▶ **What you are asked to do**
The pictures are to be omitted when the entries are reproduced exactly.

[Saved data entries]

++++++++

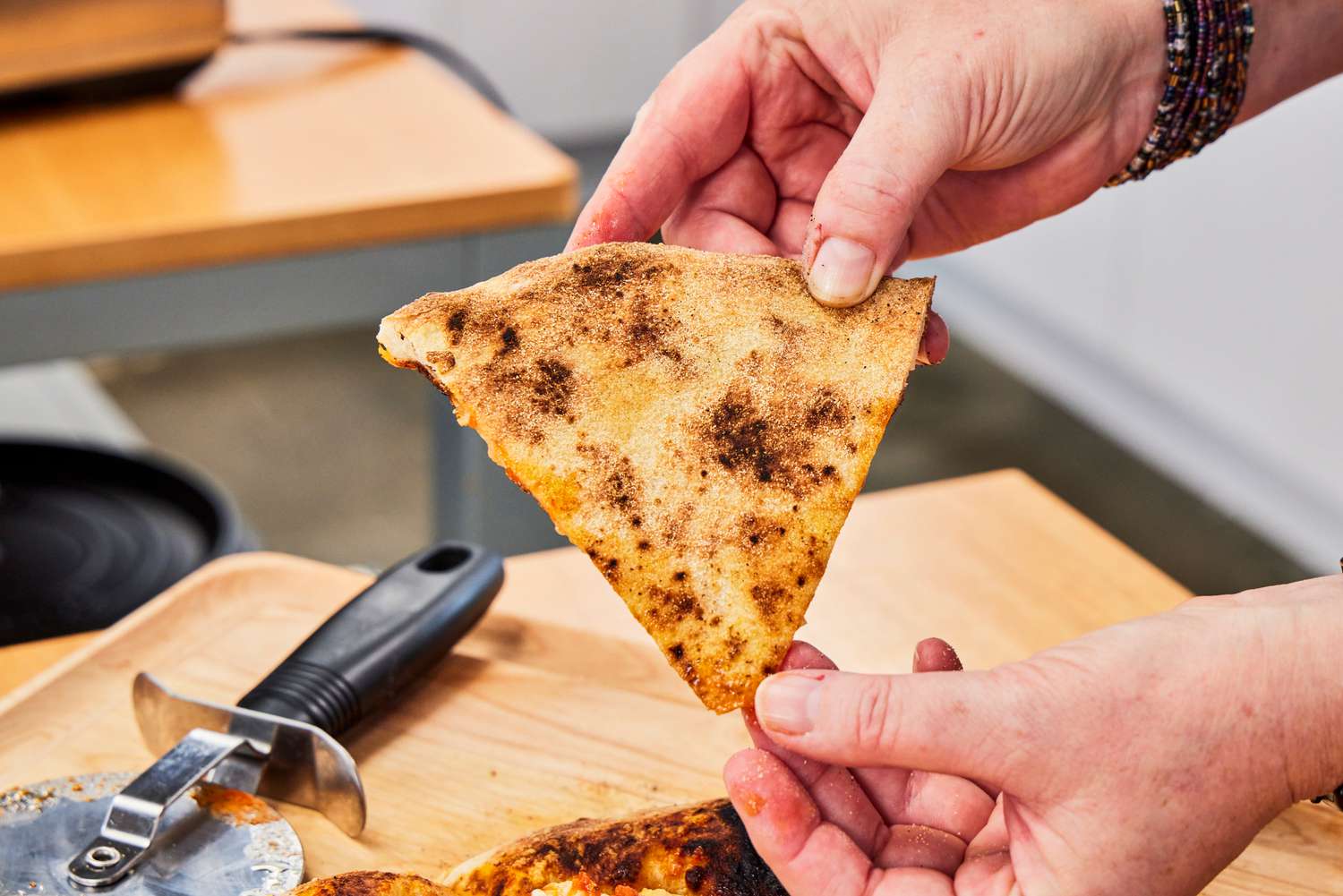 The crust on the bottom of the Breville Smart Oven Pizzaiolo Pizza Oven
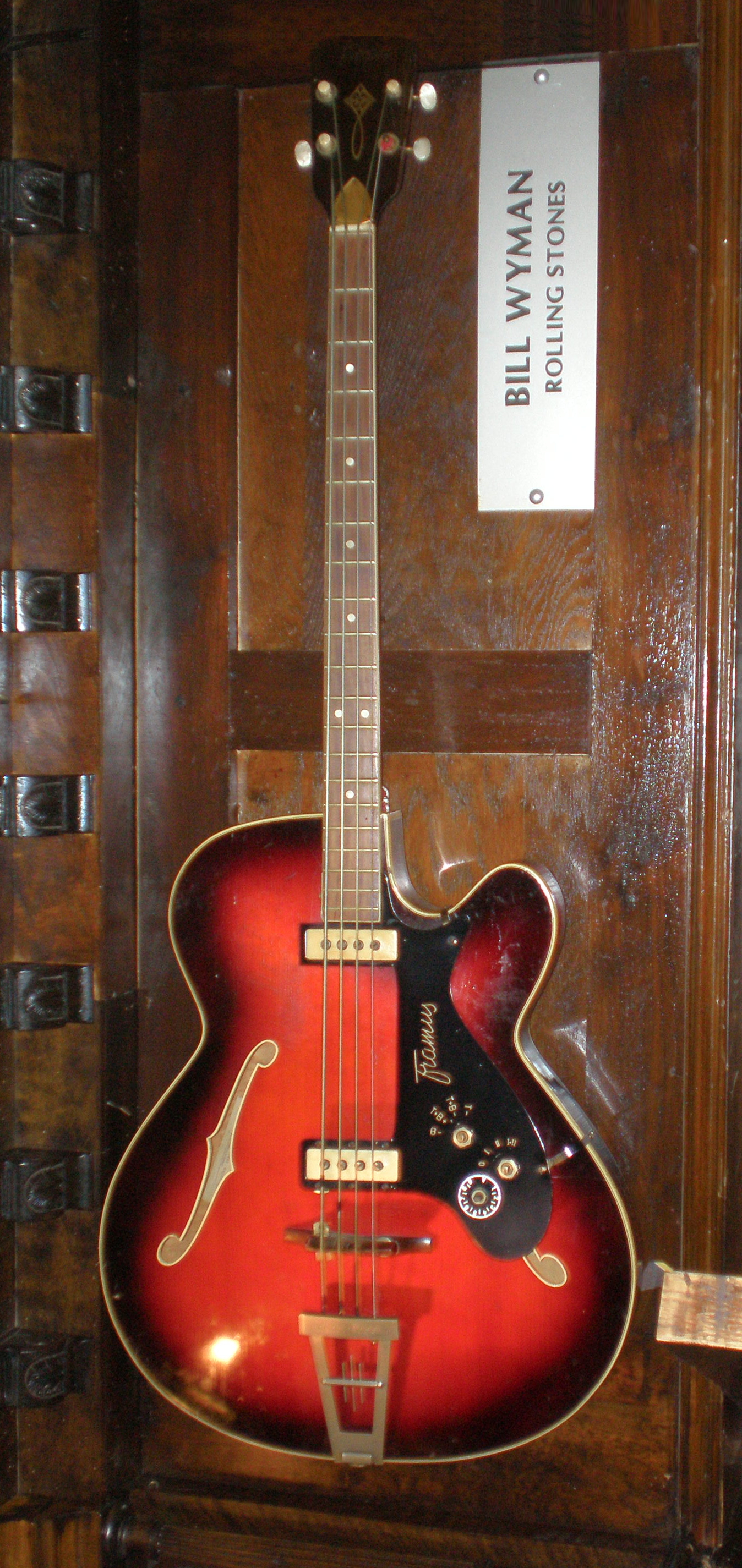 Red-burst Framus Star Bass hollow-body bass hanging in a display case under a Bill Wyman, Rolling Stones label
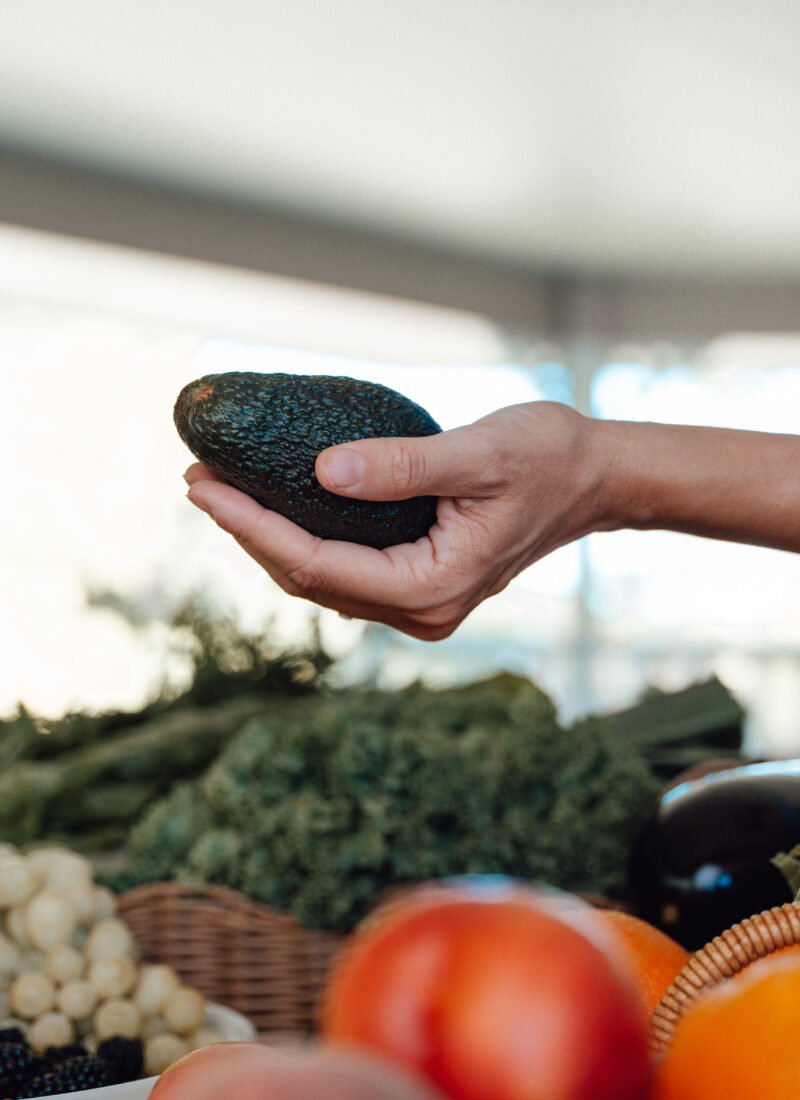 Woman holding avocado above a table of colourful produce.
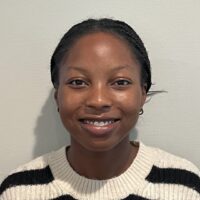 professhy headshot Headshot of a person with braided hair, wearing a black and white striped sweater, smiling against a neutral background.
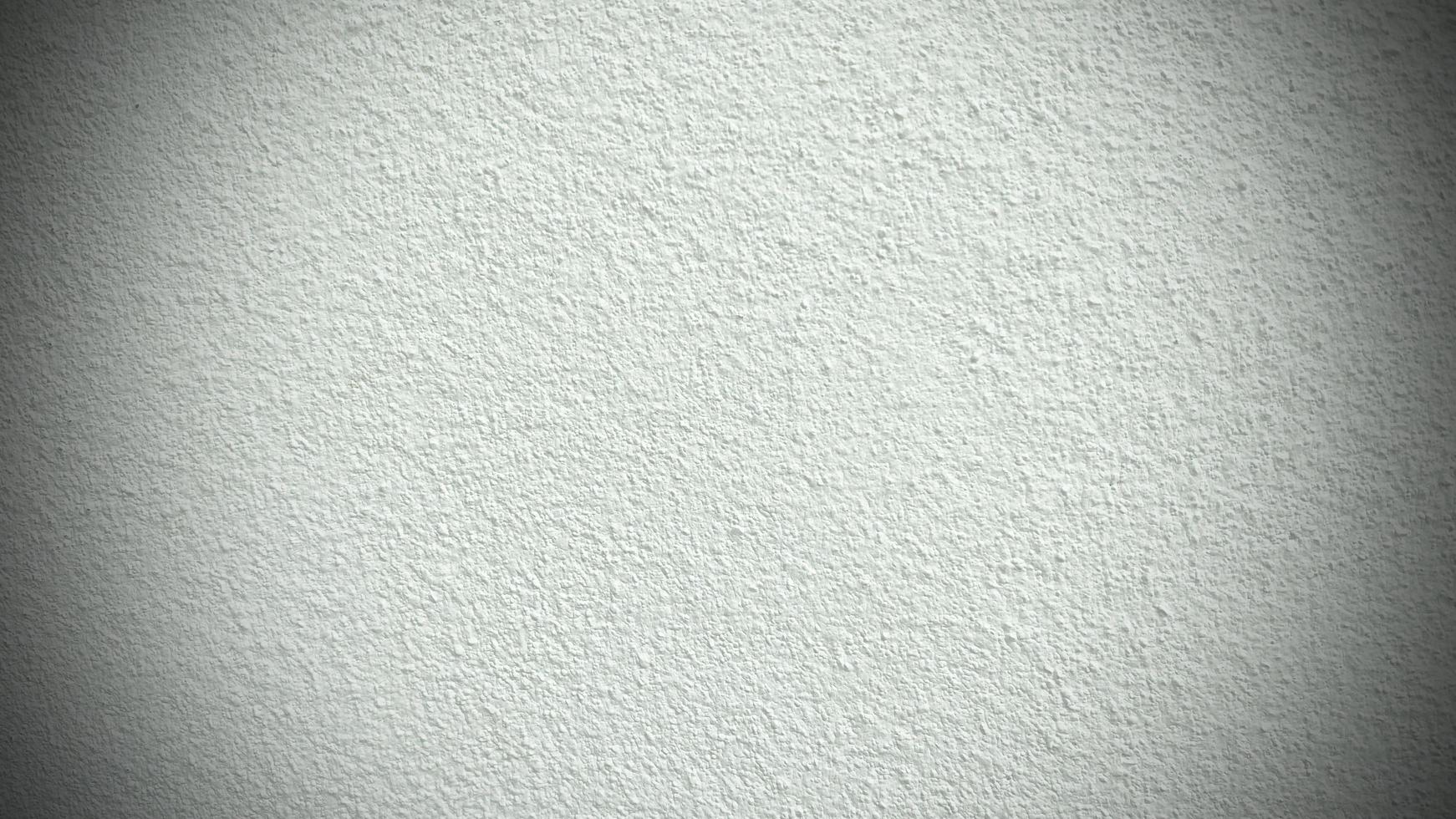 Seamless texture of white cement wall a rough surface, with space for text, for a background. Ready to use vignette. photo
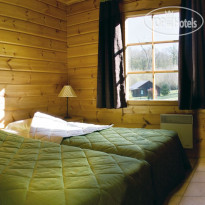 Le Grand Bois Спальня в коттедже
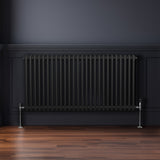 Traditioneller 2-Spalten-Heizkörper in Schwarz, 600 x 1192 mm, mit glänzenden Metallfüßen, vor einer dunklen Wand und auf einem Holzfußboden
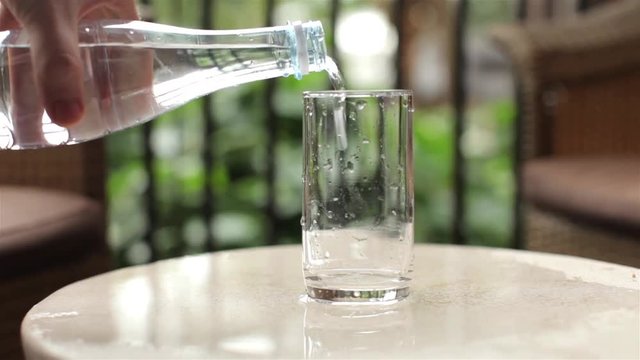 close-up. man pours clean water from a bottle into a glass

++++++++

▶ **Response to this exercise**
 The crust on the bottom of the Breville Smart Oven Pizzaiolo Pizza Oven
 Red-burst Framus Star Bass hollow-body bass hanging in a display case under a Bill Wyman, Rolling Stones label
 Woman holding avocado above a table of colourful produce.
 professhy headshot Headshot of a person with braided hair, wearing a black and white striped sweater, smiling against a neutral background.
 Seamless texture of white cement wall a rough surface, with space for text, for a background. Ready to use vignette. photo
 Le Grand Bois Спальня в коттедже
 Traditioneller 2-Spalten-Heizkörper in Schwarz, 600 x 1192 mm, mit glänzenden Metallfüßen, vor einer dunklen Wand und auf einem Holzfußboden
 close-up. man pours clean water from a bottle into a glass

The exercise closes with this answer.